I say “almost never” because we did find two the other day:

https://docs.sciml.ai/SciMLBenchmarksOutput/dev/Bio/BCR/#Plot-Work-Precision-Diagram

https://docs.sciml.ai/SciMLBenchmarksOutput/dev/Bio/fceri_gamma2/

Those plots are getting fixed to look nicer really soon (improve Bio benchmarks by TorkelE · Pull Request #581 · SciML/SciMLBenchmarks.jl · GitHub), this is hot off the press so you’re seeing this being formalized in real-time. But notice two things, one is that that is a tiny difference: in FCERI it’s a 2% difference and in BCR it’s about 5%-10%. And it only occurs in specific cases which seem to have large complex eigenvalues and with preconditioned GMRES.

In summary, the case that we have found presents a <10% improvement by CVODE, though its very specific. It’s only for a few specific oscillatory chemical reaction examples, and in all of those cases CVODE is slower with dense Jacobians, CVODE is slower with sparse Jacobians, and CVODE is slower with the default handling of GMRES. CVODE only sees the 10% better case when both are using the same preconditioner with GMRES (in those test cases, iLU). What this is pointing to is that we could probably improve the performance of something in our preconditioner handling code, so since we just found this very recently it hasn’t been fixed but we are looking into it.

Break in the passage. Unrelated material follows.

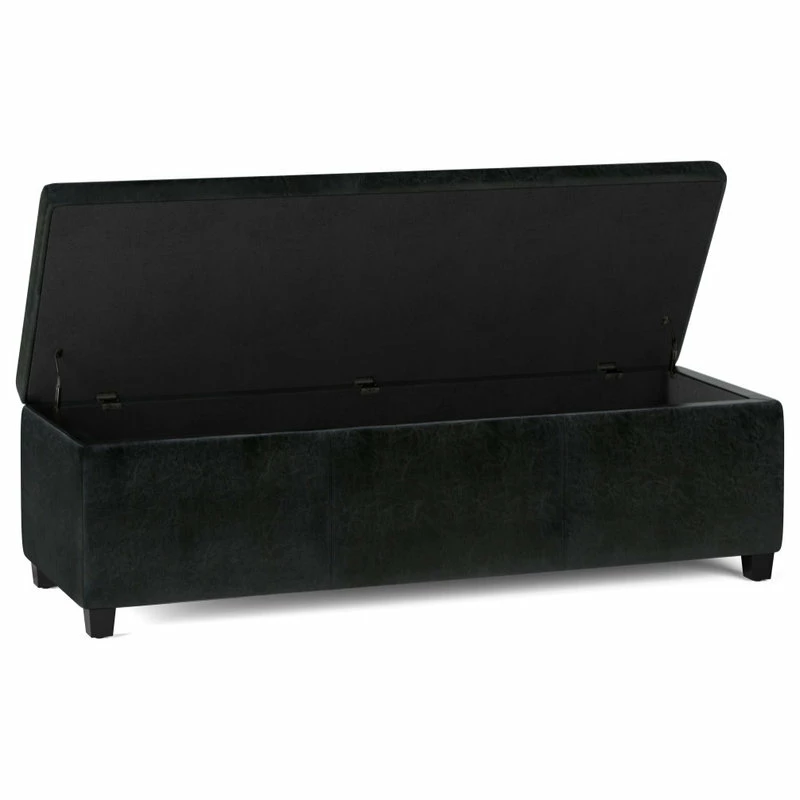 Simpli Home Ltd. Avalon Extra Large Storage Ottoman Bench 8 Simpli Home Ltd. Avalon Extra Large Storage Ottoman Bench - Image 6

P.S. Your benchmark is not valid since it’s not comparing work-precision. @btime with everything at the same adaptive tolerances does not guarantee that you get solutions at the same accuracy. In fact, if any repeated statement about accuracy can be gleamed from the benchmarks, it’s that the adaptivity choices of CVODE make it consistently have a higher solution error when using the same tolerances as other methods. You can see this in the benchmarks as its first dot is to the right of many other methods. If one method is computing at a lower accuracy but is faster, then that’s not a clear statement. The tolerances need to be adjusted so that the solutions of the two methods are computed to the same accuracy. This is why work-precision diagrams are used instead of @btime.

8 Likes

Thank you so much for this! The title was meant to be tongue-in-cheek; I hope it came across that way.

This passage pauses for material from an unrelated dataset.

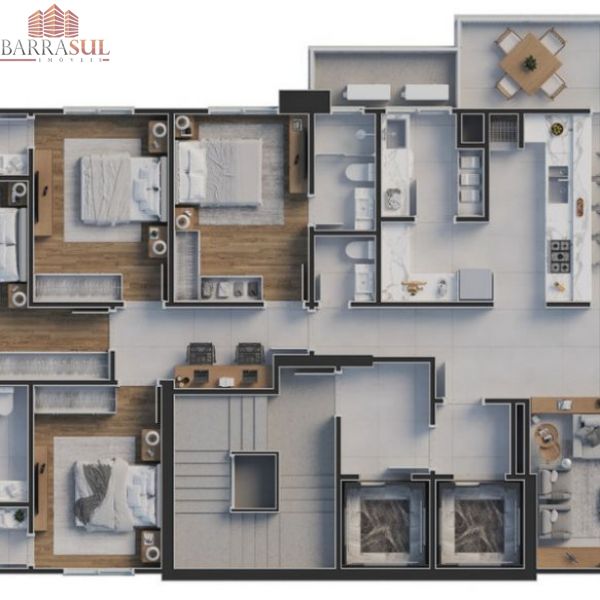 Zenith Tower - Lanamento na Rua 3800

On my problem, FBDF() is comparable to CVODE_BDF(), while TRBDF2() is ~ twice as fast as CVODE_BDF, at least according to @btime, which as you say is probably not an apples-to-apples comparison. I’m planning ~10^5 solves, so this acceleration will be very helpful! CVODE_BDF() has been my default algorithm for MOL applications, precisely because in the past I haven’t found algorithms in DiffEq that were faster. I will make sure to keep these BDF codes in mind going forward. Thanks again!

1 Like

in general I think our docs should probably center fbdf a little more. it’s one of the better all round methods.

Yes it should. It’s just new so we’ve been giving it a year or so to really be battle tested before recommending it too much. But it has gotten that battle testing and by now it’s clear that it is a generally good method, with the limitations of BDFs in mind.